# LT2316 H20 Assignment B - image autoencoder

## Introduction

In this assignment, you will define an image autoencoder model by changing/adding a limited amount of code to this notebook.  We will mark off what you will change.  

An autoencoder is a machine learning system/network that attempts to reconstruct the input (or a proxy for the input such as its context, as in neural language modeling) after compressing it to a smaller "bottleneck" representation. We can then extract the compressed representation for the input by running the input through the part of the trained model that ends in the compressing hidden layer.  For images, the input and output of the full model usually have the same shape, and the loss is the pixel-by-pixel colour channel error.  The embeddings of the images are extracted from some middle layer as a vector of much lower dimensionality.

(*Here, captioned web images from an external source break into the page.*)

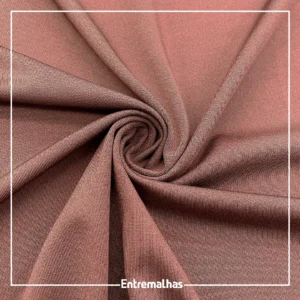 Tecido Lycra Suplex UV50+ Poli-Line - Marrom Ref.:317044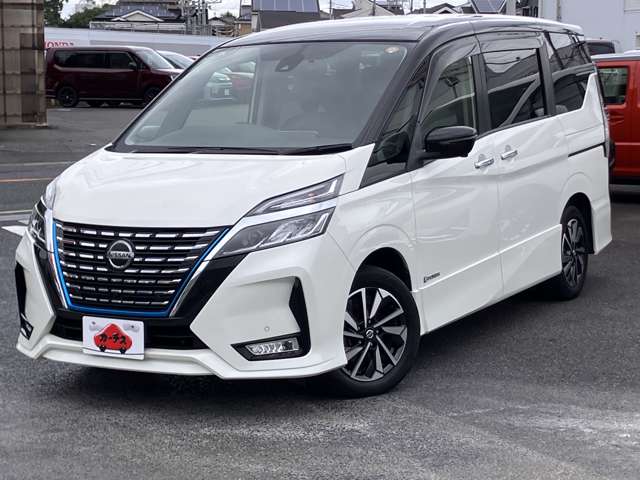 日産 セレナ １．２ Ｅ－ＰＯＷＥＲ ハイウェイスター Ｖ R3年 (関東) 99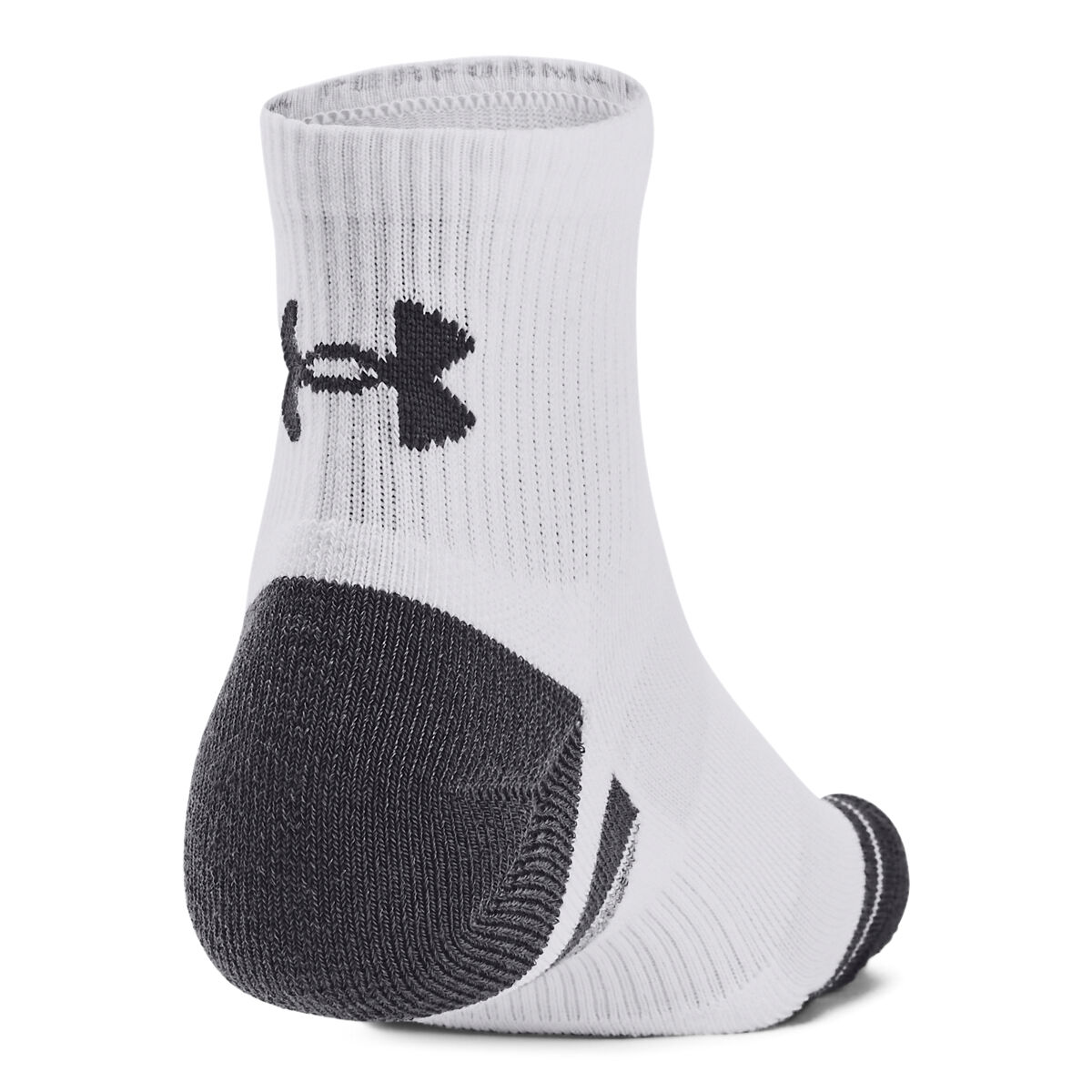 Performance Tech 3pk Str&oslash;mper Hvid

We can then examine how "good" the embeddings are not only by the training loss but also by other techniques, such as clustering the embeddings. We will just test on the training data for simplicity (this is not always wrong if our goal is merely to get a generalized/compressed representation of a fixed amount of data).

Below we will mark off what you need to change and what you can change in markdown and code comments. The rest should remain untouched when you submit.  You are recommended to develop in a copy of the notebook you will submit and then port over your changes to the "final" notebook. That way, you can modify our code to test your code in your private notebook.

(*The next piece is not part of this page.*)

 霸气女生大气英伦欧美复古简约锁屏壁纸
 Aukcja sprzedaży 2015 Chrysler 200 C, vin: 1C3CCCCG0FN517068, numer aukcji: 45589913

You will submit a saved notebook directly to Canvas.  

## Loading the data

In [1]:
from pycocotools.coco import COCO
import numpy as np
import pandas as pd
import random 
from PIL import Image
from sklearn.preprocessing import StandardScaler
import torch
import torch.nn as nn
import matplotlib.pyplot as plt
import matplotlib.image as mpimg
from sklearn.decomposition import TruncatedSVD
from sklearn.cluster import KMeans
# You may add imports you feel you need for the notebook

In [2]:
%matplotlib inline

In [3]:
coco = COCO(annotation_file="/scratch/lt2316-h18-resources/coco/annotations/instances_train2017.json")

loading annotations into memory...
Done (t=18.43s)
creating index...
index created!


In [4]:
my_device = "cuda:1" # you can change the device to another GPU or the cpu for testing

In [5]:
def get_data(meta, datadir="/scratch/lt2316-h18-resources/coco/train2017"):
    return [(x['file_name'], Image.open("{}/{}".format(datadir, x['file_name'])).resize((100,100)).convert('RGB')) for x in meta]

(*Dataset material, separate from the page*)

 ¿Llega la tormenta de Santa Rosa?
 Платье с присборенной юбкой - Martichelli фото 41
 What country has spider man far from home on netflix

def cat_img_load(category, coco, trainsize):
    catids = coco.getCatIds(catNms=category)
    imgids = coco.getImgIds(catIds=catids)
    
    random.shuffle(imgids)
    imgids = imgids[:trainsize]
    imgmeta = coco.loadImgs(ids=imgids)
    imgdata = get_data(imgmeta)
    
    imgdf = pd.DataFrame()
    imgnames = [x[0] for x in imgdata]
    imgarrays = [x[1] for x in imgdata]
    imgdf['imgs'] = imgarrays
    imgdf['filename'] = imgnames
    imgdf['class'] = category
    
    return imgdf

def get_tensors(*imgdfs):
    bigdf = pd.concat(imgdfs)
    print(len(bigdf))
    X = np.array([np.array(x) for x in bigdf['imgs']])
    print(X.shape)
    y = bigdf['class']
    filenames = bigdf['filename']
    X_scaled = StandardScaler().fit_transform(X.reshape(len(X),30000)).reshape(len(X), 100, 100, 3)
    X_tensor = torch.Tensor(X_scaled).to(my_device)
    return X_tensor, y, filenames

**We may change these MS COCO categories when testing as well as the number of retrieved items.**

In [6]:
airplanedf = cat_img_load("airplane", coco, 1000)
skateboarddf = cat_img_load("skateboard", coco, 1000)
mousedf = cat_img_load("mouse", coco, 1000)

In [7]:
len(airplanedf), len(skateboarddf), len(mousedf)

(1000, 1000, 1000)

In [8]:
X_tensor, y, filenames = get_tensors(airplanedf, skateboarddf, mousedf)

3000
(3000, 100, 100, 3)


## Batching and shuffling

**There should be no reason to edit this.**

In [9]:
class Batcher:
    def __init__(self, X, device, batch_size=50, max_iter=None):
        self.X = X
        self.device = device
        self.batch_size=batch_size
        self.max_iter = max_iter
        self.curr_iter = 0
        
    def __iter__(self):
        return self
    
    def __next__(self):
        if self.curr_iter == self.max_iter:
            raise StopIteration
        permutation = torch.randperm(self.X.size()[0], device=self.device)
        permX = self.X[permutation]
        splitX = torch.split(permX, self.batch_size)
        
        self.curr_iter += 1
        return splitX

## Autoencoder

**Here is where you will make the main changes.**

You will get **10 points** for making changes that run and produce representations that are *emb_size* in width when we extract the embeddings by calling *emb* on the training data and represent a good-faith attempt at building a simple autoencoder.  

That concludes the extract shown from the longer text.